Crawled caption data
==========

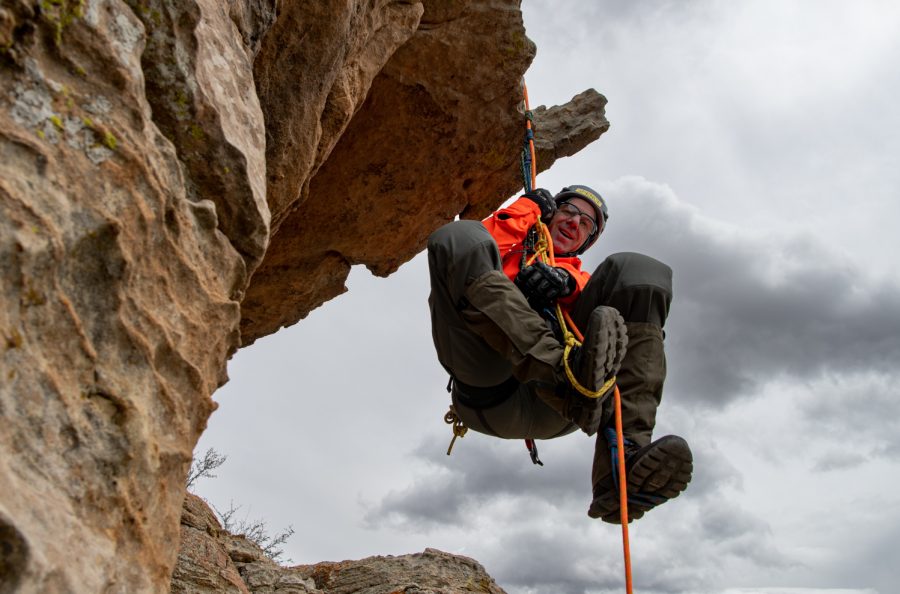 Spence Sedacca, a BASART, practices ascending and descending a rope on a 40 foot cliff with an overhang April 23.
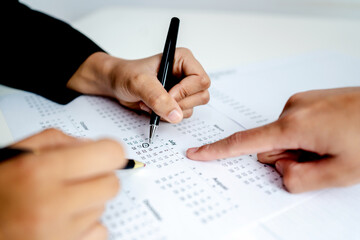 Close up of business people marking dates on calendar with pen and finger, planning schedule,...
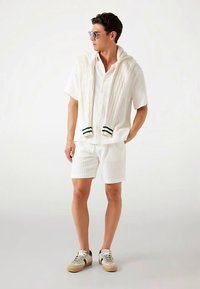 White short-sleeve shirt with a textured pattern, paired with matching shorts. A knitted white sweater is draped over the shoulders.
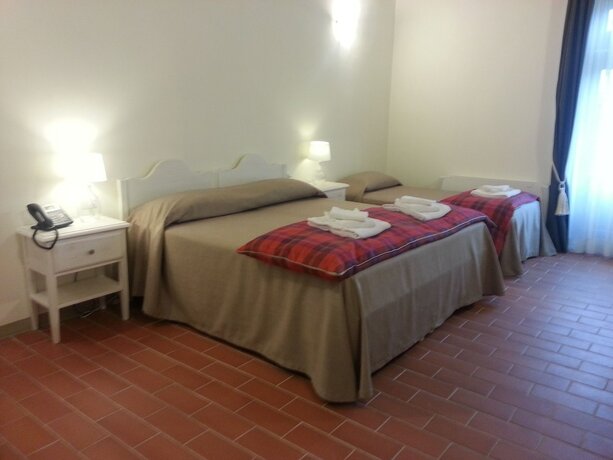 Imagen de la habitación del Agriturismo Il Frantoio di Colle Alberto. Foto 14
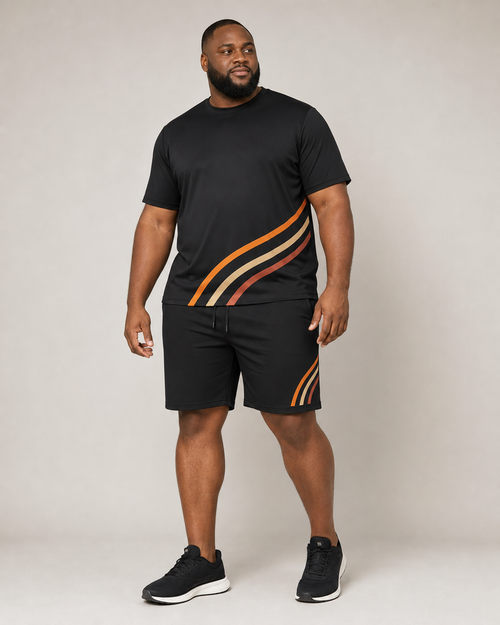 Big and tall man wearing the Ember Turnline T-shirt and matching shorts set, full-body front three-quarter studio view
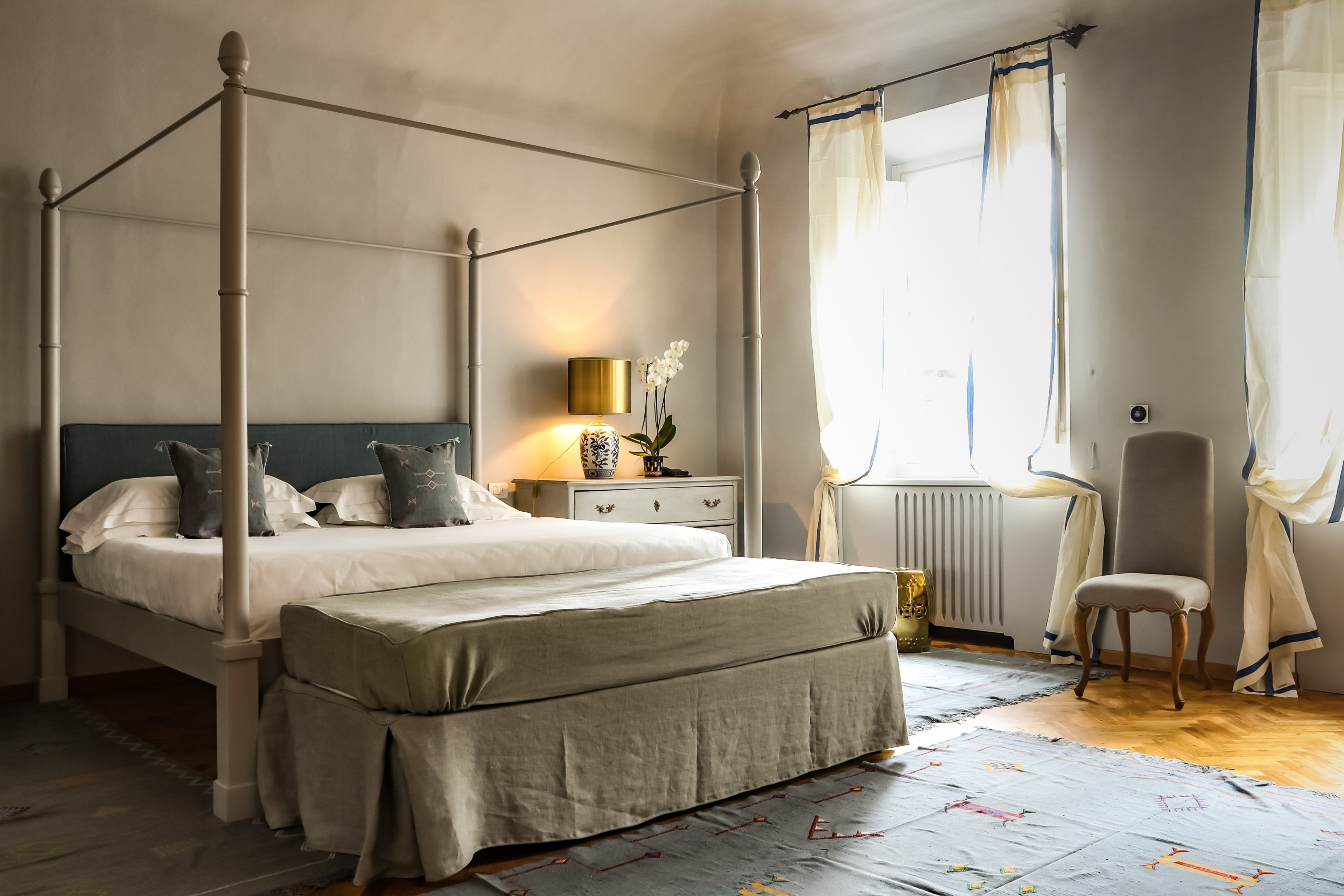 A four-poster bed with a matching bench, a bedside table with a lamp, and a chair near a window with sheer curtains.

==========

■ **Aim of the task**:
Because the pictures are not wanted, retype every record exactly without them.

■ **Task result**:
 Spence Sedacca, a BASART, practices ascending and descending a rope on a 40 foot cliff with an overhang April 23.
 Close up of business people marking dates on calendar with pen and finger, planning schedule,...
 White short-sleeve shirt with a textured pattern, paired with matching shorts. A knitted white sweater is draped over the shoulders.
 Imagen de la habitación del Agriturismo Il Frantoio di Colle Alberto. Foto 14
 Big and tall man wearing the Ember Turnline T-shirt and matching shorts set, full-body front three-quarter studio view
 A four-poster bed with a matching bench, a bedside table with a lamp, and a chair near a window with sheer curtains.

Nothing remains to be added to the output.